O Globo
China recebe antigos aliados dos EUA, mas
Brasil faria melhor se diversificasse e ampliasse seu leque de alianças
O presidente Donald Trump escreveu
em sua rede social: Parece que perdemos a Índia e a Rússia para a
China mais profunda e sombria. Que tenham um longo e próspero futuro juntos. A
rede tem o pretensioso nome de Truth Social, mas pode ser tudo, menos a expressão
da verdade, muito menos da coerência. Trump já havia escrito ali, na semana
passada:
— Dou-me muito bem com Xi [o presidente chinês, Xi Jinping].
Um dia depois, registrou:
— Xi e Putin conspiram contra os Estados Unidos.
Entre uma “verdade” e outra, a poderosa força militar chinesa foi exibida em Pequim, no maior desfile de sua história, tendo o presidente russo como principal convidado de honra. Foi no ambiente dessa demonstração bélica que Xi apresentou sua “verdade”. Disse que o mundo está hoje entre a paz e a guerra, entre a prosperidade e a estagnação — sendo a China, claro, a guardiã da paz e a promotora do desenvolvimento econômico. Não precisou dizer que, nessa versão, os Estados Unidos representam o contrário.
Não foi esse o único movimento de expressão
global aplicado por Xi na semana passada. Um dia antes do desfile, ele recebeu
mais de 20 chefes de Estado numa reunião da Organização para a Cooperação
de Xangai,
grupo voltado para comércio e investimentos. Ali estava a presença inédita do
primeiro-ministro da Índia, Narendra
Modi — que posou para fotos em descontraídas conversas com Xi e Putin.
O significado geopolítico é enorme: havia anos que China e Índia tinham não
apenas desavenças diplomáticas, mas uma disputa de fronteiras no Himalaia, com
escaramuças militares.
De outro lado, sucessivos governos americanos
faziam movimentos de aproximação com a Índia, bem-sucedidos até há poucas
semanas. Para os Estados Unidos, a Índia era um contrapeso à influência chinesa
na Ásia. Trump detonou tudo isso e atirou Modi nos braços de Xi. Depois de
receber o primeiro-ministro indiano na Casa Branca, aplicou tarifas de
importação de 25% aos produtos da Índia. Ainda aumentou a tarifa para 50% — a
taxa mais alta — argumentando que a Índia importa petróleo russo. De fato,
importa, mas seguindo o teto de preço aplicado pela União Europeia e vendendo
derivados a vários países europeus.
A Índia não é pouca coisa — uma economia de
US$ 4 trilhões, em forte crescimento, e a maior democracia do mundo, embora
Modi recorra com frequência a métodos arbitrários. E é uma potência nuclear.
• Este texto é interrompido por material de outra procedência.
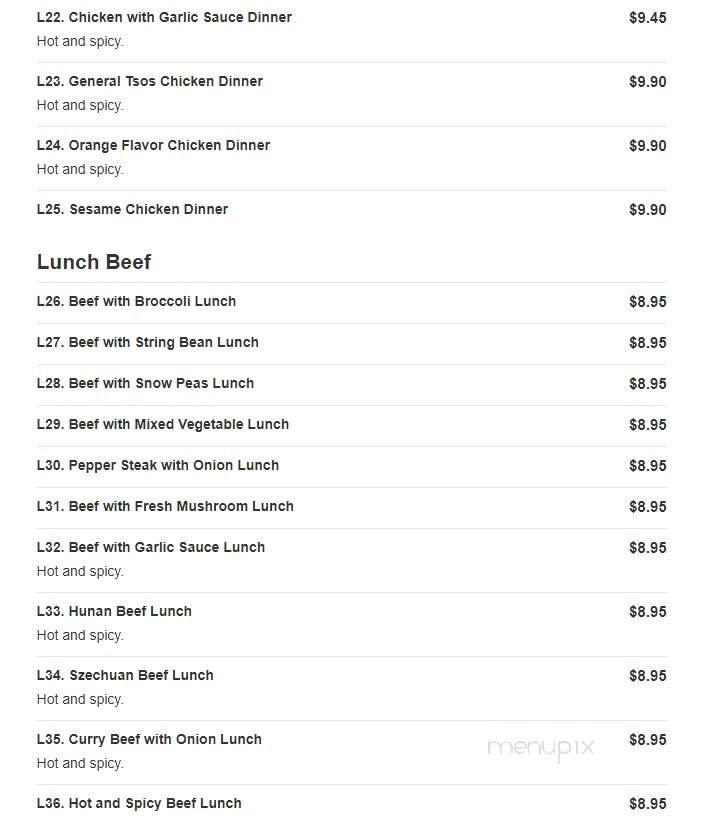 Lucky Cheung Restaurant - Long Branch, NJ menu_pic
Não foi apenas esse o presente que Trump deu
a Xi. À mesma reunião da Organização para a Cooperação de Xangai compareceram
chefes de Estado de países que se inclinavam ao Ocidente, como Egito, Vietnã e Turquia. De novo,
por causa das tarifas. O Brasil também estava lá, representado pelo embaixador
Celso Amorim, assessor especial do presidente Lula.
Ele ressaltou a já forte relação econômica entre Brasil e China e confirmou o
início de um novo tipo de cooperação, na área militar.
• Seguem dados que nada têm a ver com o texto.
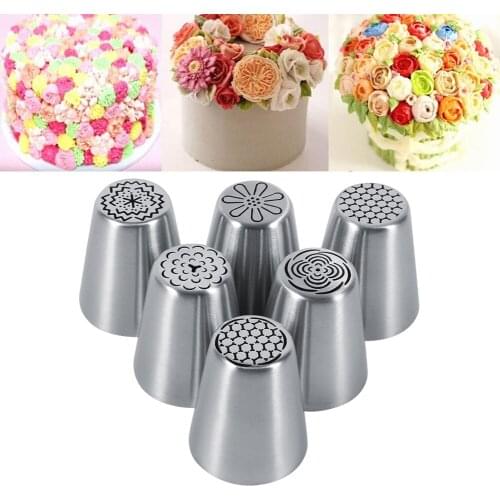 6PCS DIY Stainless Steel Flower Cake Icing Piping Nozzles Decorating Tips Pastry DIY Baking Tools rust-proof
A presença de Amorim confirmou o comentário
recente de Lula, segundo o qual o Brasil está tranquilo nesse ambiente do
tarifaço americano porque tem a China como principal parceiro comercial. Na
verdade, é mais que comercial. A China tem aqui pesados investimentos em
infraestrutura, assim como em toda a América Latina. Trata-se de uma política
construída cuidadosamente ao longo de anos. Hoje, entre os latino-americanos,
apenas três países têm os Estados Unidos como maior parceiro comercial: México, Colômbia e Equador — os
três sofrendo sanções tarifárias e outras ameaças.
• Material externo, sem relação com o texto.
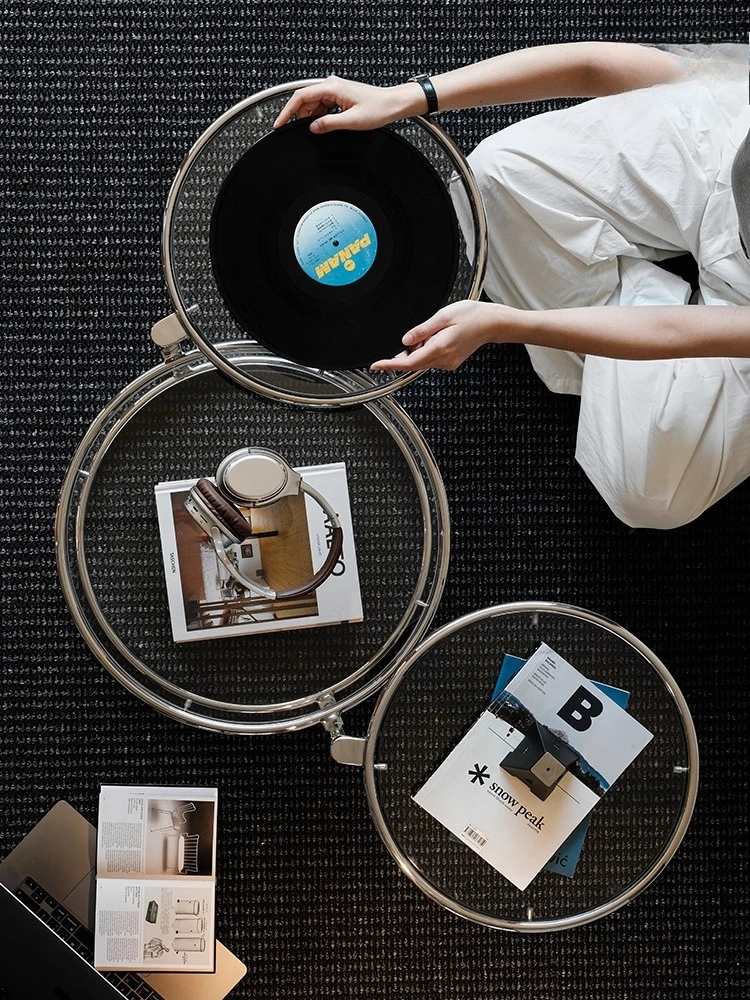 Couchtisch Haushalt Wohnzimmer Sofa Kaffee Edelstahl rund rotierender Kaffee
Enquanto os Estados Unidos punem e ameaçam
antigos aliados, a China se oferece para recebê-los. O convite vale para o
Brasil, que, entretanto, faria melhor se diversificasse e ampliasse seu leque
de alianças econômicas e políticas. Daí a importância do inesperado avanço das
negociações para a conclusão rápida do acordo Mercosul-União Europeia. É uma
boa resposta ao trumpismo, sob todos os aspectos, e uma alternativa à órbita
chinesa. A União Europeia é uma potência econômica — um PIB de US$ 20 trilhões
— e uma potência democrática. Certamente, melhor companhia.